● **Input data**
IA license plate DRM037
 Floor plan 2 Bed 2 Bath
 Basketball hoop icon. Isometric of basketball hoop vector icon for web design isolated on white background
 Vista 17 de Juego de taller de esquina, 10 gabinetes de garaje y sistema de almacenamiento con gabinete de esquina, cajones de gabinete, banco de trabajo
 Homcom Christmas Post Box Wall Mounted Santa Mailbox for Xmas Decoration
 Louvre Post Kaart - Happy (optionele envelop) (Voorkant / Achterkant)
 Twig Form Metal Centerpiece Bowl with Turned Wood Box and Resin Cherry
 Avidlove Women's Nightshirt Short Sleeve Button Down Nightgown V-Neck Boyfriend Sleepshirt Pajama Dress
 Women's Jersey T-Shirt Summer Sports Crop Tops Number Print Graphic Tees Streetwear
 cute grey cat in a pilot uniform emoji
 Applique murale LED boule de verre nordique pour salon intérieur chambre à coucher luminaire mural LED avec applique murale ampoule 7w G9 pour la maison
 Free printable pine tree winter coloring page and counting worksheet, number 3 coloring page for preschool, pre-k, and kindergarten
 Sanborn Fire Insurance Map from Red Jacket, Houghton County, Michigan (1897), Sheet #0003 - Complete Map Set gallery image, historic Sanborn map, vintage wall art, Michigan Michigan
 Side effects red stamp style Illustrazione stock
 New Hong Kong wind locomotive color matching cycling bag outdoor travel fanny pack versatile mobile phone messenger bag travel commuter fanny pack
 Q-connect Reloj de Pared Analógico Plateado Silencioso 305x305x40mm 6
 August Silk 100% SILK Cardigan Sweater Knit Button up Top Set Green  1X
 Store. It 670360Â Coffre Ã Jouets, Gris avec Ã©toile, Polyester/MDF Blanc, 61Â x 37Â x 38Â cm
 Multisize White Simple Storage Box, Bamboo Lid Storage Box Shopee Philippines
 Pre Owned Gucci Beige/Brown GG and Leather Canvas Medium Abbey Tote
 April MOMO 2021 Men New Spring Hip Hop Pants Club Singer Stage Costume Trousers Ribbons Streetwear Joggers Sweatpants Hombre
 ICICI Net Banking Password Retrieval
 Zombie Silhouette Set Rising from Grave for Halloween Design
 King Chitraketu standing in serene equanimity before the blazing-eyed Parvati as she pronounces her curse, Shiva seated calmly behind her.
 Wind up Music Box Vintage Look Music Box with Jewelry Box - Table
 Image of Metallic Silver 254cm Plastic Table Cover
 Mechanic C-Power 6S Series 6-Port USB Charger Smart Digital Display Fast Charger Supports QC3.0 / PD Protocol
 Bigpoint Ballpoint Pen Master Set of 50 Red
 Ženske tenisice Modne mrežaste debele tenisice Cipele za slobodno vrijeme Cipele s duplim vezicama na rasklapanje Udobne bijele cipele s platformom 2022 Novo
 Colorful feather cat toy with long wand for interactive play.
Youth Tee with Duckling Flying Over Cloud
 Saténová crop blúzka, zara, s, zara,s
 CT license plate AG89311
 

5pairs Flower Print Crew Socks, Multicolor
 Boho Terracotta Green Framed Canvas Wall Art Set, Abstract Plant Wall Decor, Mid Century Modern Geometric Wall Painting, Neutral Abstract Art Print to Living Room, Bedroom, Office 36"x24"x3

● **Brief**
Transcribe the lines above between the line holding "August Silk 100%" and the line holding "Pre Owned Gucci", inclusive, exactly as they stand and with nothing added.

● **Your solution**
 August Silk 100% SILK Cardigan Sweater Knit Button up Top Set Green  1X
 Store. It 670360Â Coffre Ã Jouets, Gris avec Ã©toile, Polyester/MDF Blanc, 61Â x 37Â x 38Â cm
 Multisize White Simple Storage Box, Bamboo Lid Storage Box Shopee Philippines
 Pre Owned Gucci Beige/Brown GG and Leather Canvas Medium Abbey Tote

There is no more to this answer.